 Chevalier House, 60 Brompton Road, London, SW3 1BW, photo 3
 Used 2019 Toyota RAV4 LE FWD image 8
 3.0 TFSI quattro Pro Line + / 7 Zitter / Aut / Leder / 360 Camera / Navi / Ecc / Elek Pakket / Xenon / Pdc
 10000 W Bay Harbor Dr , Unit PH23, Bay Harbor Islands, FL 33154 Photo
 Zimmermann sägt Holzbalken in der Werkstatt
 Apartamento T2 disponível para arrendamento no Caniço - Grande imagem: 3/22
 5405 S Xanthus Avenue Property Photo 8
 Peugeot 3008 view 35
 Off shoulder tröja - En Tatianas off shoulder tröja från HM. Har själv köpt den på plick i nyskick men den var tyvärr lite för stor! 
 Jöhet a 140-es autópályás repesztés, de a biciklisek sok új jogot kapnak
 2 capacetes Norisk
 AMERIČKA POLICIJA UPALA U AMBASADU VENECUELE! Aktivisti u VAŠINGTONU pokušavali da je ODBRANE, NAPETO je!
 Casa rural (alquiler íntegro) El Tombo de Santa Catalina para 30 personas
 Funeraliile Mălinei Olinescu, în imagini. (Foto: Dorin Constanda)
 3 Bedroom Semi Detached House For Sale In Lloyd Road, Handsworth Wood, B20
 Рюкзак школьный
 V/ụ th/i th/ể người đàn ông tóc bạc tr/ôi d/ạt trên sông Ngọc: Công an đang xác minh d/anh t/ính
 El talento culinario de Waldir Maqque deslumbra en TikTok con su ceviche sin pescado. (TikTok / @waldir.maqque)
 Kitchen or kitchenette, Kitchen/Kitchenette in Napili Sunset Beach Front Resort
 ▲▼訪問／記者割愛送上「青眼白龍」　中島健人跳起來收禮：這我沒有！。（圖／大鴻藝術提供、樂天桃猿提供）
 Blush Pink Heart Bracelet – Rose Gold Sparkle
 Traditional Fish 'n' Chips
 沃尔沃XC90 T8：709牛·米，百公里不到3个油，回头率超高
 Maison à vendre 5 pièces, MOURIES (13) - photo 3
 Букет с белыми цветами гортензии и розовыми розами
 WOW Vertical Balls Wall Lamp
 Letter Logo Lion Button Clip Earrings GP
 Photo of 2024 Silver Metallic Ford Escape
==================================================
• **Description of the task**: Exact copies of the lines from the start of the data up to the line holding "Peugeot 3008 view 35", both included, are all that is needed.

• **Result for this task**:
 Chevalier House, 60 Brompton Road, London, SW3 1BW, photo 3
 Used 2019 Toyota RAV4 LE FWD image 8
 3.0 TFSI quattro Pro Line + / 7 Zitter / Aut / Leder / 360 Camera / Navi / Ecc / Elek Pakket / Xenon / Pdc
 10000 W Bay Harbor Dr , Unit PH23, Bay Harbor Islands, FL 33154 Photo
 Zimmermann sägt Holzbalken in der Werkstatt
 Apartamento T2 disponível para arrendamento no Caniço - Grande imagem: 3/22
 5405 S Xanthus Avenue Property Photo 8
 Peugeot 3008 view 35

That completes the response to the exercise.